» **Exercise brief**
Nothing but the lines below from the one that contains "Grijs, metallic lak" through the one that contains "Прогулочная фотосессия с" should be retyped, exactly and including both ends. Do not include pictures.

### Exercise data

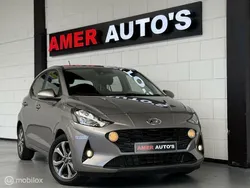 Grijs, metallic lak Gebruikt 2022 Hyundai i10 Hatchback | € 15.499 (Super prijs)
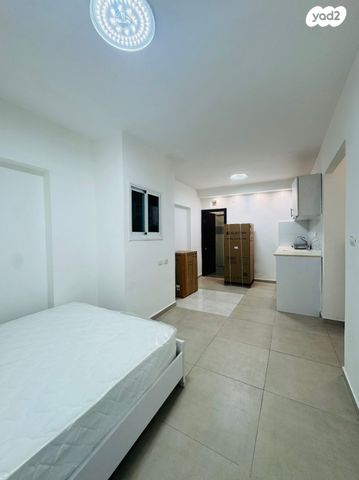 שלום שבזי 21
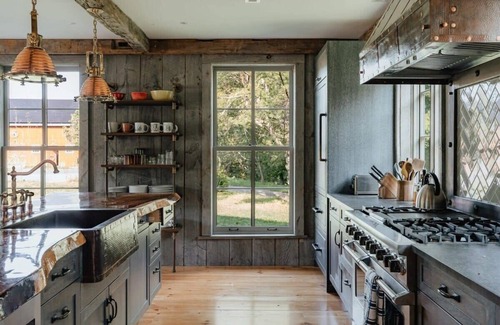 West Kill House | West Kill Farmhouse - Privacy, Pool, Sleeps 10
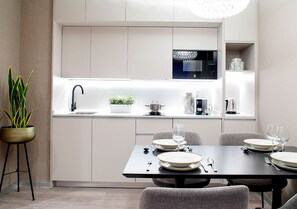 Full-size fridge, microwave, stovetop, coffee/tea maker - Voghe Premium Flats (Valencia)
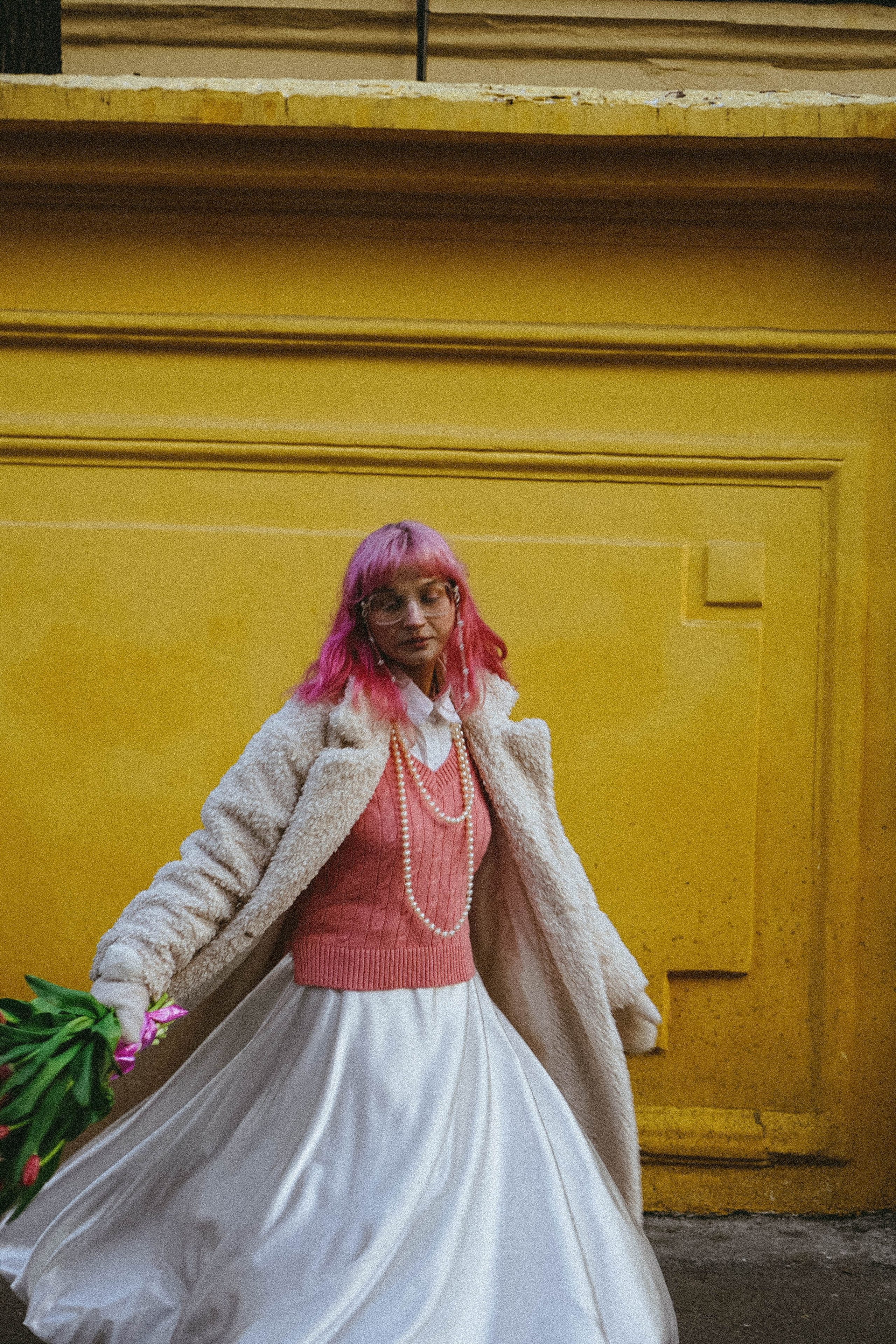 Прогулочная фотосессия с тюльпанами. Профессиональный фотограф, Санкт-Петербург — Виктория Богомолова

######
### Exercise data

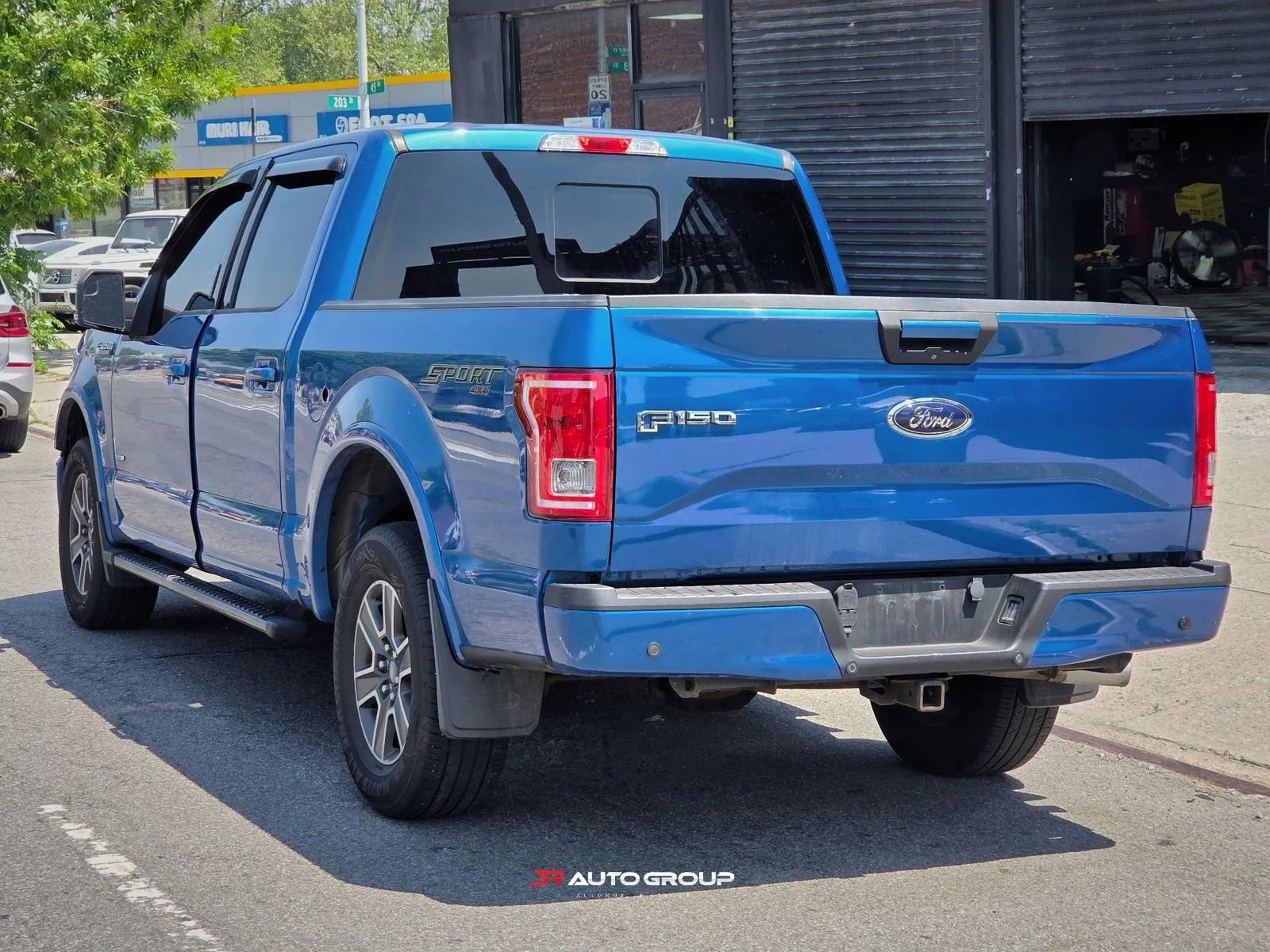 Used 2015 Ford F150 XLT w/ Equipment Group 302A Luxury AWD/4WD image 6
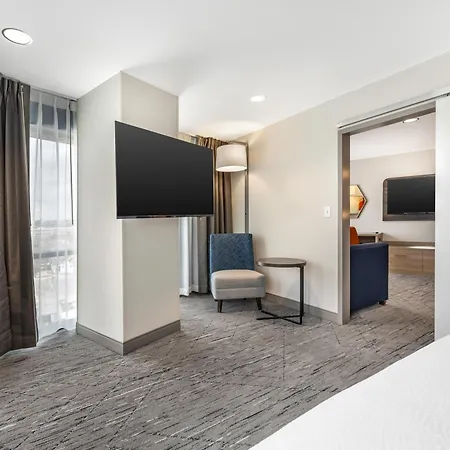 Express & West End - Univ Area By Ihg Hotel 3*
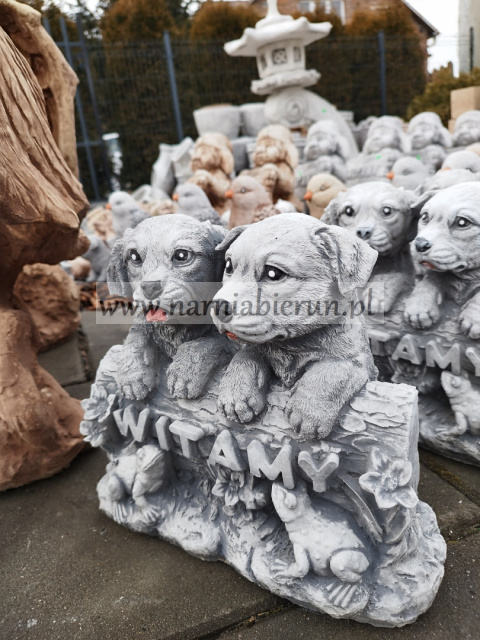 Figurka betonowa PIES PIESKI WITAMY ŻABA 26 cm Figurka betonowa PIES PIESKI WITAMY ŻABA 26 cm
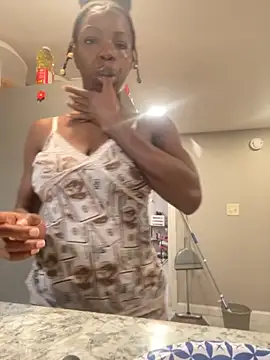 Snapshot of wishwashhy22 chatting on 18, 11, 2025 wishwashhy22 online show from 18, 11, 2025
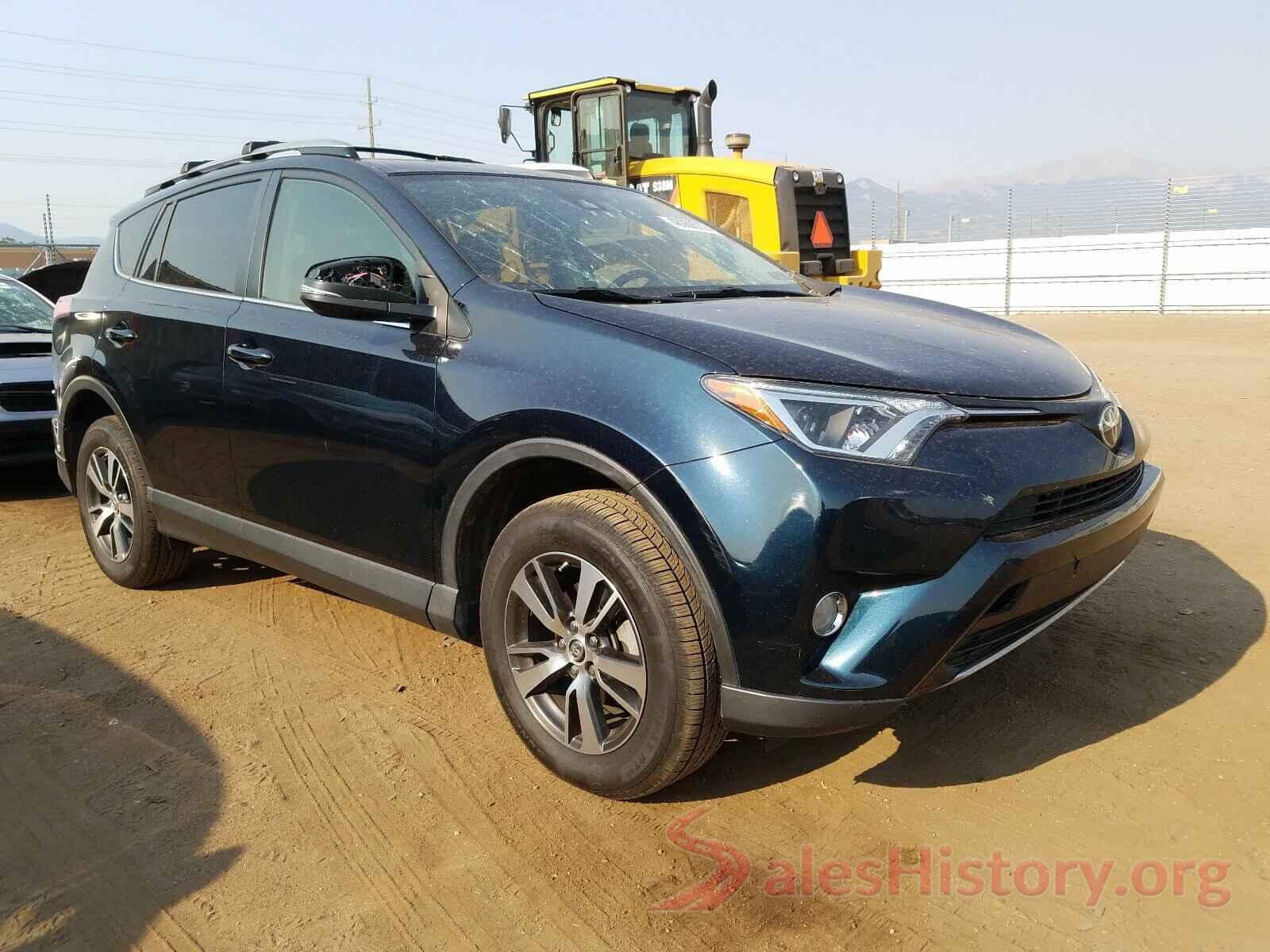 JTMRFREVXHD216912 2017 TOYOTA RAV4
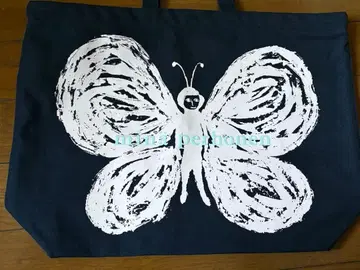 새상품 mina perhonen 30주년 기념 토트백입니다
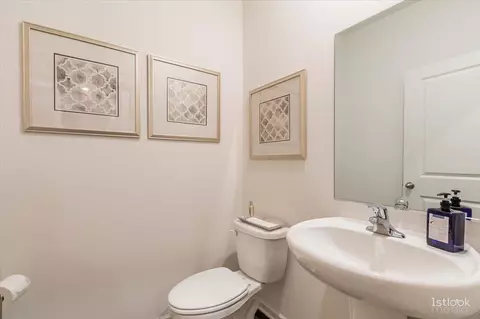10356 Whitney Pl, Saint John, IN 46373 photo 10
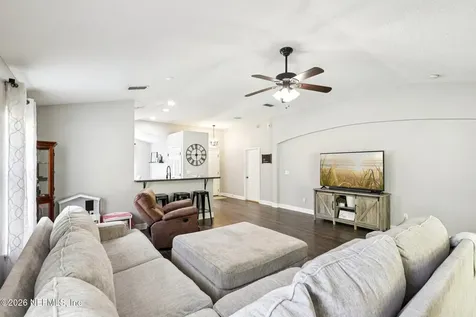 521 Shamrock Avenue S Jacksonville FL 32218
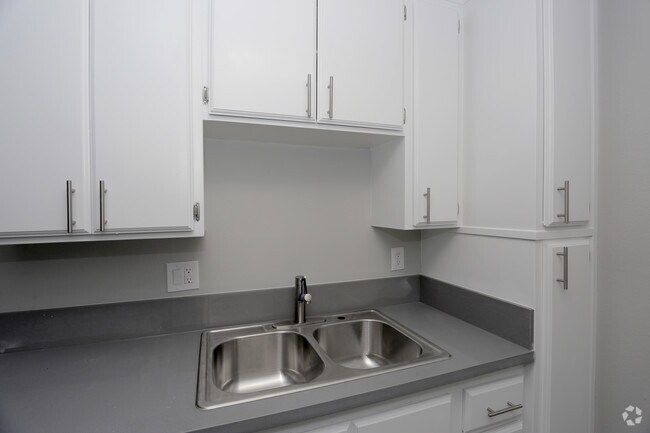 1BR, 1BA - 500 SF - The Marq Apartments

######

» **Response for this exercise**
 Grijs, metallic lak Gebruikt 2022 Hyundai i10 Hatchback | € 15.499 (Super prijs)
 שלום שבזי 21
 West Kill House | West Kill Farmhouse - Privacy, Pool, Sleeps 10
 Full-size fridge, microwave, stovetop, coffee/tea maker - Voghe Premium Flats (Valencia)
 Прогулочная фотосессия с тюльпанами. Профессиональный фотограф, Санкт-Петербург — Виктория Богомолова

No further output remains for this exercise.